La crisis, pues, como paso hacia el crecimiento. En esta perspectiva se puede leer el relato de las bodas de Caná (cf. Jn 2, 1-11). La Virgen María se da cuenta de que los esposos "ya no tienen vino" y se lo dice a Jesús. Esta falta de vino hace pensar en el momento en que, en la vida de la pareja, se termina el amor, se agota la alegría y disminuye bruscamente el entusiasmo del matrimonio. Después de que Jesús transformó el agua en vino, felicitaron al esposo porque —decían— había conservado hasta ese momento "el vino bueno". Esto significa que el vino de Jesús era mejor que el precedente.

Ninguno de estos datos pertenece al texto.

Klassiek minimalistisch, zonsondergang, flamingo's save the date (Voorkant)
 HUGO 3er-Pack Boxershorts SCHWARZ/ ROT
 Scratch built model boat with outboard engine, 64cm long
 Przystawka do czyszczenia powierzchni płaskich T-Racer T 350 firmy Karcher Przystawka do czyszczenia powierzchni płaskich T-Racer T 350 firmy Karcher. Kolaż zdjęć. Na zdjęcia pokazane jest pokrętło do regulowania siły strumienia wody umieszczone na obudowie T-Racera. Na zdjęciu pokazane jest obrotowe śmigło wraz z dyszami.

Sabemos que este "vino bueno" es símbolo de la salvación, de la nueva alianza nupcial que Jesús vino a realizar con la humanidad. Pero precisamente todo matrimonio cristiano, incluso el más desdichado y vacilante, es sacramento de esta alianza y por eso puede encontrar en la humildad la valentía de pedir ayuda al Señor. Cuando una pareja pasa por dificultades o —como demuestra vuestra experiencia— incluso ya está separada, si se encomienda a María y se dirige a Aquel que hizo de dos "una sola carne", puede estar segura de que esa crisis será, con la ayuda del Señor, un paso hacia el crecimiento, y su amor se purificará, madurará y se reforzará. Esto sólo puede hacerlo Dios, que quiere servirse de sus discípulos como de valiosos colaboradores para acercarse a las parejas, escucharlas y ayudarles a redescubrir el tesoro escondido del matrimonio, el fuego que ha quedado enterrado bajo las cenizas. Es él quien reaviva y vuelve a hacer arder la llama; ciertamente, no del mismo modo del enamoramiento, sino de manera diversa, más intensa y profunda: pero siempre la misma llama.

Queridos amigos que habéis elegido poneros al servicio de los demás en un campo tan delicado, os aseguro mi oración para que vuestro compromiso no se convierta en mera actividad, sino que, en el fondo, siga siendo siempre testimonio del amor de Dios. Vuestro servicio es un servicio "contra corriente". En efecto, hoy, cuando una pareja entra en crisis, encuentra a muchas personas dispuestas a aconsejar la separación. También a los esposos casados en el nombre del Señor se les propone con facilidad el divorcio, olvidando que el hombre no puede separar lo que Dios ha unido (cf. Mt 19, 6; Mc10, 9). Para cumplir vuestra misión, también vosotros necesitáis alimentar continuamente vuestra vida espiritual, poner amor en lo que hacéis para que, en contacto con realidades difíciles, vuestra esperanza no se agote o no se reduzca a una fórmula. Que os ayude en esta delicada obra apostólica la Sagrada Familia de Nazaret, a la que encomiendo vuestro servicio y, especialmente, los casos más difíciles. María, Reina de la familia, esté junto a vosotros, a la vez que de corazón os imparto la bendición apostólica a vosotros y a todos los miembros del movimiento Retrouvaille.